_DIRECTIONS:_
In the entries below, the lines from the one with "カルティエ トリニティ MM リング" through the one with "THOMAS SET DE" are to be copied exactly; both ends count.

Short descriptive text snippets

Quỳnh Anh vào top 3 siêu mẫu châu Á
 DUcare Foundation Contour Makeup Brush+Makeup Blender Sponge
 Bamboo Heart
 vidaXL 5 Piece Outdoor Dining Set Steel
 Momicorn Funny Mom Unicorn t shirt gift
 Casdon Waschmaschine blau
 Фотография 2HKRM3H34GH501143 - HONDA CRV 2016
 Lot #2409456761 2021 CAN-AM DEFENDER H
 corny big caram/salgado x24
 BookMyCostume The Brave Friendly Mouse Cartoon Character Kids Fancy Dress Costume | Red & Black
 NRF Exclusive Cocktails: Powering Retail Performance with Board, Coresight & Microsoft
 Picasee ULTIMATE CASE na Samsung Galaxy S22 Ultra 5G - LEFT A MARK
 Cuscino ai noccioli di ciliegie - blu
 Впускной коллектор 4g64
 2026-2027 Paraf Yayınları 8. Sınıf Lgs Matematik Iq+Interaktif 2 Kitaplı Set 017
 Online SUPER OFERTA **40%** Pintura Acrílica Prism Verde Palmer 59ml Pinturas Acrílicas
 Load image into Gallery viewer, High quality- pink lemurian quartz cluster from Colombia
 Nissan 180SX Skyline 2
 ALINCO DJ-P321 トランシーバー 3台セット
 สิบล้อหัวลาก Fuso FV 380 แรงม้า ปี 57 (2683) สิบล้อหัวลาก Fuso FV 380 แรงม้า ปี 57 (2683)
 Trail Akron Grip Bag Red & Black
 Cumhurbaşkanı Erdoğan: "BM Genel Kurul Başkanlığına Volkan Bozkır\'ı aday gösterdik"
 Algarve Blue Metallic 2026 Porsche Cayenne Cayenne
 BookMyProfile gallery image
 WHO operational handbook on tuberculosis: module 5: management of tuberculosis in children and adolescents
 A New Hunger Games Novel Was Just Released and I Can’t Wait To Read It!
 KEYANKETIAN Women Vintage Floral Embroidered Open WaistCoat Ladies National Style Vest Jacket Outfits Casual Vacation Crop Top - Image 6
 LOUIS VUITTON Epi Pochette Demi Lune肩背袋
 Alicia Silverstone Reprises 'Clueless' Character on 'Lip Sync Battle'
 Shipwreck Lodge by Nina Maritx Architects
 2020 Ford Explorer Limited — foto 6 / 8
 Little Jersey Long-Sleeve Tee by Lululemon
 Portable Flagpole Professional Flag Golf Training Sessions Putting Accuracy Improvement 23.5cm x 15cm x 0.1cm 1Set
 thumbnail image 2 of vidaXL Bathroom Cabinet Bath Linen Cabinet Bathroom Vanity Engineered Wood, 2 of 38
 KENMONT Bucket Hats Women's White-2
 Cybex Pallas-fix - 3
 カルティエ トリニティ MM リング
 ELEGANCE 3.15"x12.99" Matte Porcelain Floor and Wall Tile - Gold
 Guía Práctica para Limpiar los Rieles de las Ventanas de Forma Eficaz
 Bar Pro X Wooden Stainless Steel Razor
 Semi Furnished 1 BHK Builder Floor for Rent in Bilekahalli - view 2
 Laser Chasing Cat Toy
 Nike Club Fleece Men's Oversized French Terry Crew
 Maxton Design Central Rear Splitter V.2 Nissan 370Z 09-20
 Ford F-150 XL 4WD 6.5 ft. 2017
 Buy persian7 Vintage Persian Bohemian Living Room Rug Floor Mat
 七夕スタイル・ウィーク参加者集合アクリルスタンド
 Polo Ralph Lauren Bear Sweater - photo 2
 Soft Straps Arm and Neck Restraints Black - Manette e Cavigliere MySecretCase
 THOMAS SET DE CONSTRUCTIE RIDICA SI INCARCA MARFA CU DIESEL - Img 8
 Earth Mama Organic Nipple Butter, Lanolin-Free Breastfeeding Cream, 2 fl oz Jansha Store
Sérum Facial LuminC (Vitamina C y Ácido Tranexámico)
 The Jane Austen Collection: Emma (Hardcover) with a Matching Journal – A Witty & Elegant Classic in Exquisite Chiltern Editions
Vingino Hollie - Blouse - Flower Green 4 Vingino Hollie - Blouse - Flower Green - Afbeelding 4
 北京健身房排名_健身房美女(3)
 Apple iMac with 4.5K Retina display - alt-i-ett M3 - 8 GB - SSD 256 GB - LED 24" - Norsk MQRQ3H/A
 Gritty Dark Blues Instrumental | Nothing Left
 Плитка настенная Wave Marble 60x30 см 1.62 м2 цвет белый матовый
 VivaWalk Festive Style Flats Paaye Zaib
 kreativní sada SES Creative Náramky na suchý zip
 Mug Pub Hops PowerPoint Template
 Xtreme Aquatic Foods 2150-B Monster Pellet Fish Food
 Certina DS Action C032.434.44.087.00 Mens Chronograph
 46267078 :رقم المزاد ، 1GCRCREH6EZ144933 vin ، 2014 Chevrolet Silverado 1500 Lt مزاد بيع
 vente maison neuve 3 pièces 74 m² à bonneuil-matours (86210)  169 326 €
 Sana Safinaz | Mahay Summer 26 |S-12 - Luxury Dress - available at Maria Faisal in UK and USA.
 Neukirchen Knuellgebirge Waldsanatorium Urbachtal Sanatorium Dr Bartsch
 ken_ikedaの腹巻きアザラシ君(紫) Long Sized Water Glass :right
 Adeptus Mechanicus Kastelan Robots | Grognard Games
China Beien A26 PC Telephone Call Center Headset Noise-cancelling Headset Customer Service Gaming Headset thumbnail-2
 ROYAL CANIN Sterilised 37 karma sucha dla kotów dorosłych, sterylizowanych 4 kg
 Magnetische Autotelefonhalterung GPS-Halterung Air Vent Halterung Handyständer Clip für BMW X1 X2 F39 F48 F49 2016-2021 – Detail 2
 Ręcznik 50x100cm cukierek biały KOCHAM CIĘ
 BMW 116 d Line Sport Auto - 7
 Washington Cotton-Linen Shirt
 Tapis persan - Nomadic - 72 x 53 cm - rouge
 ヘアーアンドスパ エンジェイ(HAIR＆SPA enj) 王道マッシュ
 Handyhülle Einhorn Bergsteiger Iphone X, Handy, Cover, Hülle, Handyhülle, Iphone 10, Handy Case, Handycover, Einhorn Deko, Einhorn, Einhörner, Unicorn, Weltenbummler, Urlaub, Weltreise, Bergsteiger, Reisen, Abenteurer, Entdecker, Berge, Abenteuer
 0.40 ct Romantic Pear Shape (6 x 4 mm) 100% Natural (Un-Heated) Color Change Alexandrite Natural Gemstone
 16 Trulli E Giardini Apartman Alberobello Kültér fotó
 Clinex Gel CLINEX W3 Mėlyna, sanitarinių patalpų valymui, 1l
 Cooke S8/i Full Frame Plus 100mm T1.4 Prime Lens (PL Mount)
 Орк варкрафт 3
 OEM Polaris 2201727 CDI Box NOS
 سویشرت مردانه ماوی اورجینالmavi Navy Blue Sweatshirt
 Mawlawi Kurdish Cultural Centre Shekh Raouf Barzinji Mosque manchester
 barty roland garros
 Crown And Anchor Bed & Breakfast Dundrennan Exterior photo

_SOLUTION TO THE EXERCISE:_
 カルティエ トリニティ MM リング
 ELEGANCE 3.15"x12.99" Matte Porcelain Floor and Wall Tile - Gold
 Guía Práctica para Limpiar los Rieles de las Ventanas de Forma Eficaz
 Bar Pro X Wooden Stainless Steel Razor
 Semi Furnished 1 BHK Builder Floor for Rent in Bilekahalli - view 2
 Laser Chasing Cat Toy
 Nike Club Fleece Men's Oversized French Terry Crew
 Maxton Design Central Rear Splitter V.2 Nissan 370Z 09-20
 Ford F-150 XL 4WD 6.5 ft. 2017
 Buy persian7 Vintage Persian Bohemian Living Room Rug Floor Mat
 七夕スタイル・ウィーク参加者集合アクリルスタンド
 Polo Ralph Lauren Bear Sweater - photo 2
 Soft Straps Arm and Neck Restraints Black - Manette e Cavigliere MySecretCase
 THOMAS SET DE CONSTRUCTIE RIDICA SI INCARCA MARFA CU DIESEL - Img 8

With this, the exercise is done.